Jean-Jacques Sempé, french cartoonist of Petit Nicolas, died at the age of 89


Steph Deschamps / August 12, 2022

The humorist Jean-Jacques Sempé died peacefully (Thursday) evening, August 11 (2022), in his 89th year, in his vacation home, surrounded by his wife and close friends, said Marc Lecarpentier, his biographer and friend, in a statement to AFP.
Great French master of humor and poetry, a mixture of derision and modesty, Sempé has traced since the 1950s until today a work full of bonhommie: drawings for the New Yorker, Paris Match or L'Express to the albums of Petit Nicolas.

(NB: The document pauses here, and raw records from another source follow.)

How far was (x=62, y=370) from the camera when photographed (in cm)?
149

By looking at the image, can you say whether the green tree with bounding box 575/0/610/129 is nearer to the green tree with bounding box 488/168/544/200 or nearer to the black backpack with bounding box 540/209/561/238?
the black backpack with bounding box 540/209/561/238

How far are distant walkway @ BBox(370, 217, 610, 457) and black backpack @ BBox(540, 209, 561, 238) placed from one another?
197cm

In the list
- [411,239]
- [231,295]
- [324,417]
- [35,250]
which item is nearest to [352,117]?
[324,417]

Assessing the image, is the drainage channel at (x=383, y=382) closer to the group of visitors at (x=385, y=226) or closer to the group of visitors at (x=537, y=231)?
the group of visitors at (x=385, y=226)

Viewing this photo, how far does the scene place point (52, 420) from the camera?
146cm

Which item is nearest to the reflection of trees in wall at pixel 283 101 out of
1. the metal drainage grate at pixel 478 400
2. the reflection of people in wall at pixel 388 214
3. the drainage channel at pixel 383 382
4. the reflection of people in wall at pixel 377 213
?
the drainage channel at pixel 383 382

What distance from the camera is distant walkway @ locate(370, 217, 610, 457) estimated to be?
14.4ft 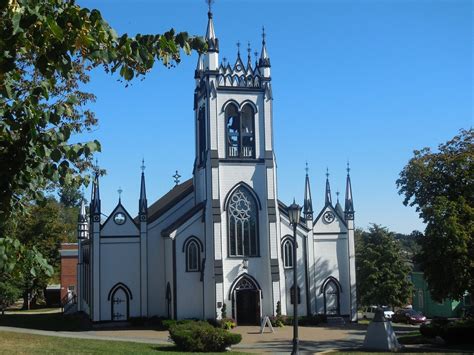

Sempé was one of the most sought-after artists by the New Yorker with a hundred covers drawn by his hand.
Born in 1932 in Pessac, near Bordeaux, the cartoonist published a dozen albums in his career, Saint Tropez, Tout se complique and especially Petit Nicolas, which has sold some 15 million copies today.
A natural child, beaten and stammering, Sempé did not really have the childhood of his hero Nicolas, whom he grew up with Goscinny in an idealized France of the 1950s.
In 1950, he sold his first drawings to Sud Ouest, which he signed DRO (from to draw).
Since the Petit Nicolas that he created in 1959 with René Goscinny, Jean-Jacques Sempé has published almost one album a year and signed a hundred front pages in the press.
A bus on a bridge crossing the Seine at night, musicians, cyclists, a fire-eater, scenes in Central Park, Saint-Tropez or the Jardin du Luxembourg... In each of his works, we find his favorite themes: the smallness of man in nature, his solitude in the city, his disputes, his ridiculousness and his excessive ambitions, the limits of team spirit.